The direction of the differentiation of blastodisc cells in the blastocyst stage is determined by the induction signal from the yolk side. The yolk is also called the yolk cell because the nucleus also enters the yolk side during the division process of the fertilized egg. When the blastodisc of the anaphase blastocyst stage is separated from the yolk cell, rotated 180° horizontally and reattached to the yolk cell, many individuals with two bodies are born from this embryo. This is because the body is made up of two groups of cells that have started building the body before or after being separated from the yolk cell (Figure 3．Individual with two axes generated from an embryo in which the blastodisc of the anaphase blastocyst of a goldfish is separated, rotated 180°, and reattached.)
Figure 3．A–E) Embryos in which the blastodisc in the blastocyst stage was separated from the yolk cell and rotated 180° horizontally and then reattached. A–D were operated on during the metaphase blastocyst stage, while B and E were operated on in the anaphase blastocyst stage. F is an embryo that was rotated 360° and reattached, and G is an untreated embryo.
The body-inducing power of these yolk cells originates in the embryo immediately after fertilization. Immediately after fertilization, if the embryo is cut in half between the animal pole side with the nucleus and cytoplasm and the plant pole side with a lot of yolk, embryonic formation no longer occurs, although the cells increase and grow longer, accompanied by the production of some cells. Furthermore, if it is cut closer to the animal pole side, it only becomes a cell mass. This indicates that the factors that shape future individuals are localized in the isolated plant pole side of the egg immediately after fertilization.

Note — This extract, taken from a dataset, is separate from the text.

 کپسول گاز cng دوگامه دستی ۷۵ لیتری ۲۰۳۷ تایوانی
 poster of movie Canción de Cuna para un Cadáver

Figure 4. When a 2-cell stage embryo is pushed through with a silkworm gut, it is divided into the animal pole hemisphere with the cytoplasm and the plant pole hemisphere with a lot of yolk.
Figure 5．When the animal pole hemisphere in the early cleavage stage is isolated and cultured, the embryo does not form a normal shape and it becomes an embryo with rotational symmetry.

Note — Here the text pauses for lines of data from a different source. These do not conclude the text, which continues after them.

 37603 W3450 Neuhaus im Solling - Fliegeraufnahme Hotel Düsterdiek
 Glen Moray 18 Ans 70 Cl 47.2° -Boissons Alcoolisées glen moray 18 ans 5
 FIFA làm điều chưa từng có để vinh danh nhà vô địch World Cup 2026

Figure 6．Removal of the cytoplasm at the 1-cell stage leads to the formation of an embryo with only a cell mass (K and L).

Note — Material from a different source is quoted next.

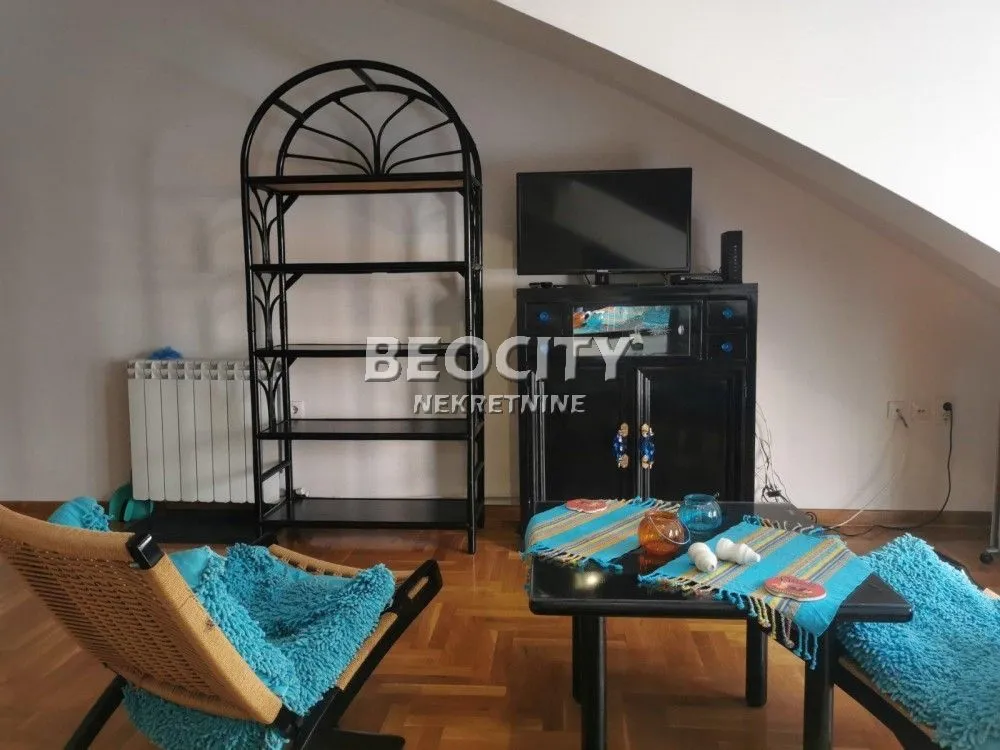 Rent, apartment, 35m², Vukov Spomenik, Zvezdara Sve Podlokacije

Differentiation of germ-line cells
Germ-line cells of fishes arise from cells that have taken up the special cytoplasm called “germ cytoplasm” stored in the egg cytoplasm. The germ cytoplasm gathers on both sides of the early cleavage furrow during cleavage. As cell division progresses, only the cells that have taken up this cytoplasm differentiate into germ cells. Early germ cells are called primordial germ cells (PGCs). The germ cytoplasm contains proteins and mRNA. The physical removal of this germ cytoplasm or inhibition of mRNA translation into protein leads to the loss of germ cells, resulting in infertile individuals. Moreover, with the microinjection of an artificial mRNA that imitates germ cytoplasm into a fertilized egg, it is possible to confer fluorescence on the germ cytoplasm (Figure 8) or make the germ cells glow (Figure 9).